Com tais termos definidos, é possível o aprofundamento nas formas de configuração do acúmulo de funções de um empregado. O acúmulo ocorre quando um funcionário contratado para uma função específica – conforme definido em contrato e na CTPS – passa a exercer outra(s) função(ões) (que não sejam definidas em contrato) após o início da prestação de trabalho, sem o devido acréscimo salarial.

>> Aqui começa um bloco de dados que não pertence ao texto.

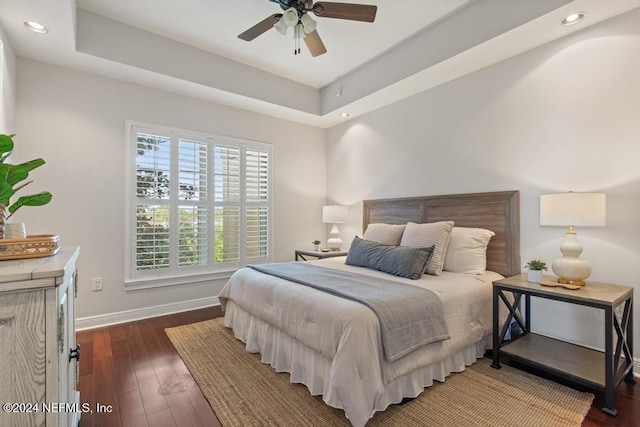 bedroom with a tray ceiling, ceiling fan, and dark hardwood / wood-style flooring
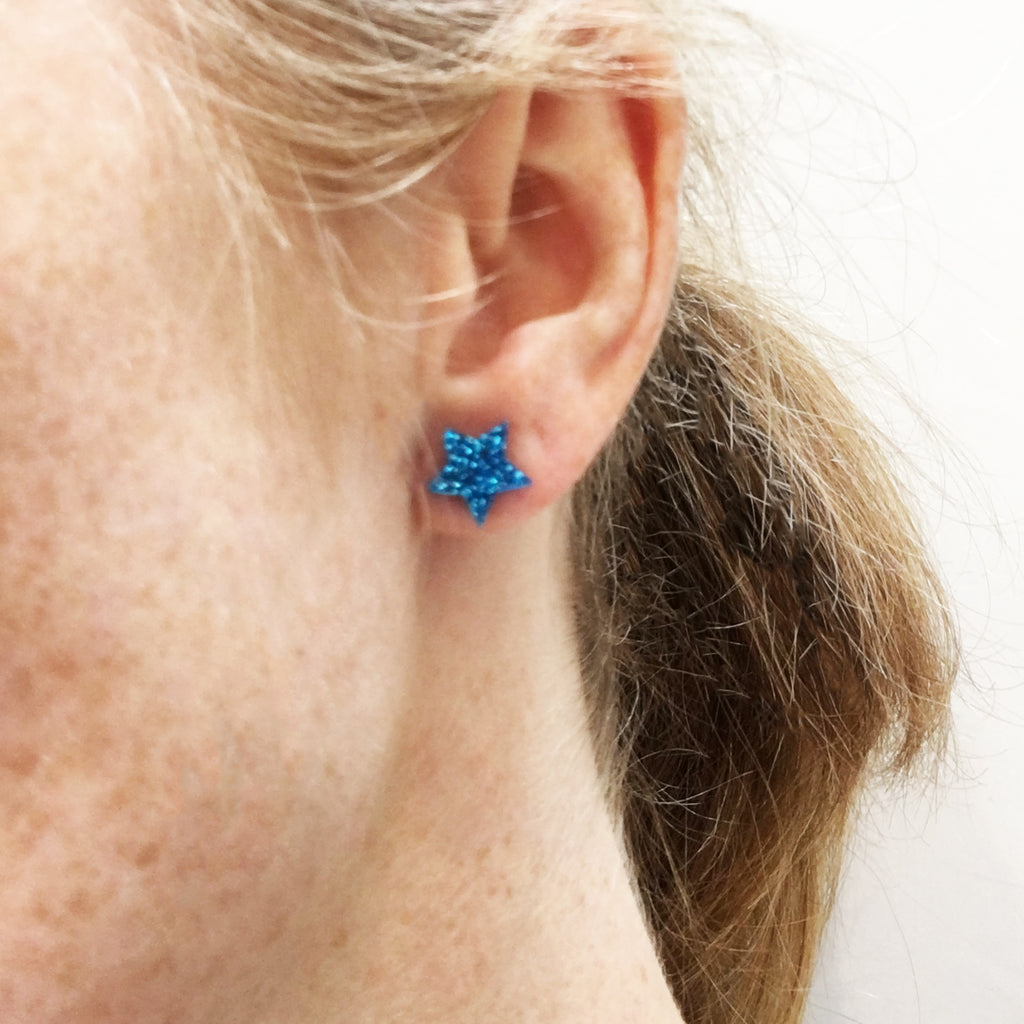 model wears blue glitter small star earrings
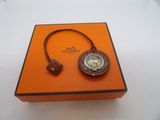 an orange box with a watch inside of it on a white surface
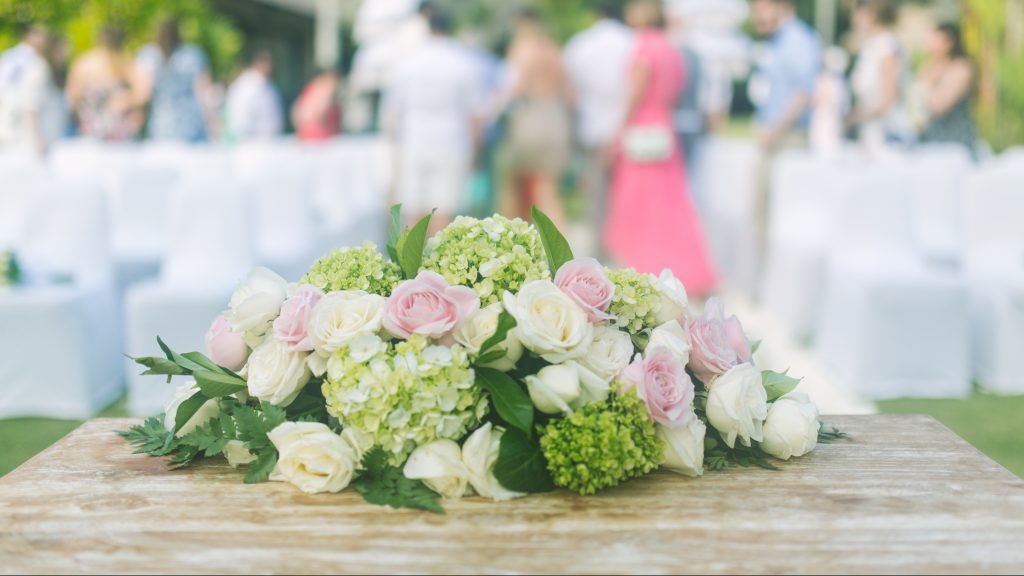Pink and white roses with green hydrangea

Essa prática de outra função pelo empregado deverá ocorrer de forma recorrente e com regularidade. Ou seja, caso o trabalhador passe a exercer outra função apenas para suprir pontualmente uma emergência, por exemplo, após outro colaborador ser demitido até o momento que outro seja contratado, não há a caracterização do acúmulo de função. Contudo, caso esse funcionário passe a exercer essa função de forma recorrente e regular, sem receber o devido acréscimo salarial e sem que outro colaborador seja contratado para receber essa segunda função, será caracterizado o acúmulo.
Nesse sentido, é importante entender que o acúmulo de funções não está definido expressamente na legislação brasileira; contudo, os pontos acima explicados são entendimentos pacificados na jurisprudência.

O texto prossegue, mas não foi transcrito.